Au cours des prochains mois, nous collaborerons avec les organisations que j'ai mentionnées afin d'élaborer le processus exploratoire, de planifier et de mettre en œuvre diverses activités connexes. Nous souhaitons sincèrement que ce processus constituera la première étape d'un dialogue sur ces enjeux importants et que les organisations autochtones nationales deviendront nos partenaires pour concevoir et mettre en œuvre des activités qui favoriseront la participation.

Je vous remercie de m'avoir donné la possibilité de m'adresser à vous. J'ose espérer que ces renseignements sur le processus exploratoire vous seront utiles. Je suis à votre disposition, avec mes collègues M. Gray et M. Reiher, pour répondre à vos questions.

Le président : Je vous remercie de votre exposé. Si vous n'y voyez pas d'objection, nous allons passer tout de suite aux questions des sénateurs, en commençant par le sénateur Hubley, suivie du sénateur Sibbeston et du sénateur Stewart Olsen.

Le sénateur Hubley : Je vous souhaite la bienvenue et je vous remercie de vos exposés. Ils nous seront certainement très utiles.

J'aimerais vous poser une question au sujet des modifications proposées.

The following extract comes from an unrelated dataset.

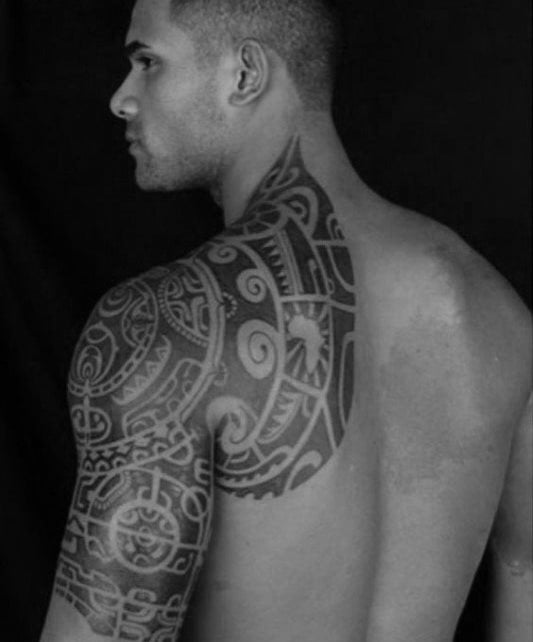 tatuaje tribal espalda 45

Je parle du statut d'Indien, bien sûr. Si la sœur qui est inscrite en vertu du paragraphe 6(1) adopte un enfant, cet enfant est-il alors inscrit également en vertu du paragraphe 6(1)?

M. Gray : Actuellement, cet enfant est inscrit en vertu du paragraphe 6(2). Puisqu'un enfant peut acquérir le statut par naissance ou adoption, oui, on pourra modifier la catégorie d'inscription pour que l'enfant soit inscrit en vertu du paragraphe 6(1) s'il se classe dans cette catégorie et répond aux critères.

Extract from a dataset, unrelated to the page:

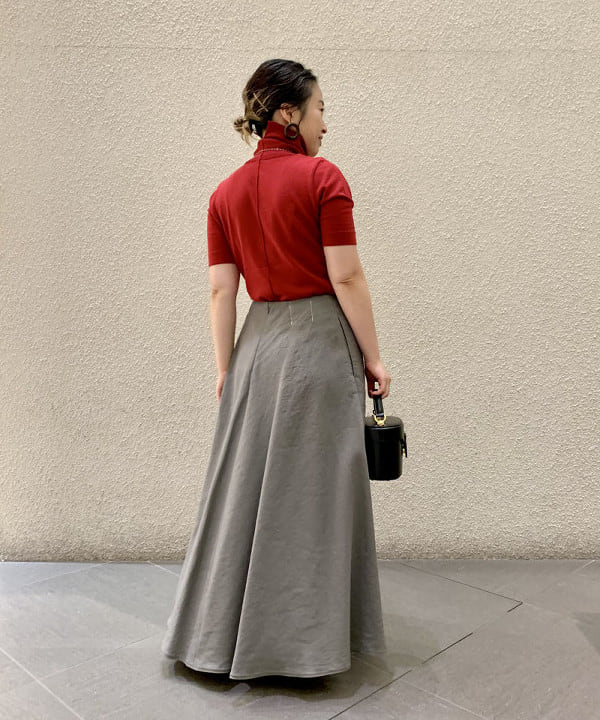 吉田　真実さんの「BEAMS WOMEN｜」を使ったコーディネート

Le sénateur Hubley : Un enfant adopté serait considéré selon la loi comme un enfant naturel. Cela pourrait-il signifier qu'un enfant non autochtone pourrait être inscrit en vertu du paragraphe 6(1) s'il était adopté légalement par des parents autochtones?

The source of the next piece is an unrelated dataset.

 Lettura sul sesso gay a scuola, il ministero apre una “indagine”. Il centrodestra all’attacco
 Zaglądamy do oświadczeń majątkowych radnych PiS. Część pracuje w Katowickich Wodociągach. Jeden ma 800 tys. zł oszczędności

Martin Reiher, avocat-conseil, ministère de la Justice Canada : Oui, lorsque l'enfant est adopté, il est sur un pied d'égalité avec l'enfant biologique.

Le sénateur Hubley : Il n'y a pas de discrimination fondée sur la race à l'égard de l'enfant. C'est ce que je me demandais durant votre exposé.

Le sénateur Sibbeston : On m'informe qu'il y a d'autres cas où il est question du statut d'Indien dans d'autres provinces. Cette décision et cette mesure législative traitent-elles de toutes les questions soulevées dans les autres affaires en cours devant les tribunaux?

M. Gray : Non. Ils traitent d'un seul aspect de la discrimination fondée sur le sexe. Je vais céder la parole à mon collègue.

M. Reiher : Le projet de loi C-3 constitue une réponse directe à la décision McIvor c. Canada, qui portait sur la situation précise qui a été décrite.

Le sénateur Sibbeston : Pouvez-vous nous parler d'autres décisions qui traitent également du statut d'Indien sur d'autres questions visant à déterminer si une personne peut être inscrite au registre puis obtenir le statut d'Indien?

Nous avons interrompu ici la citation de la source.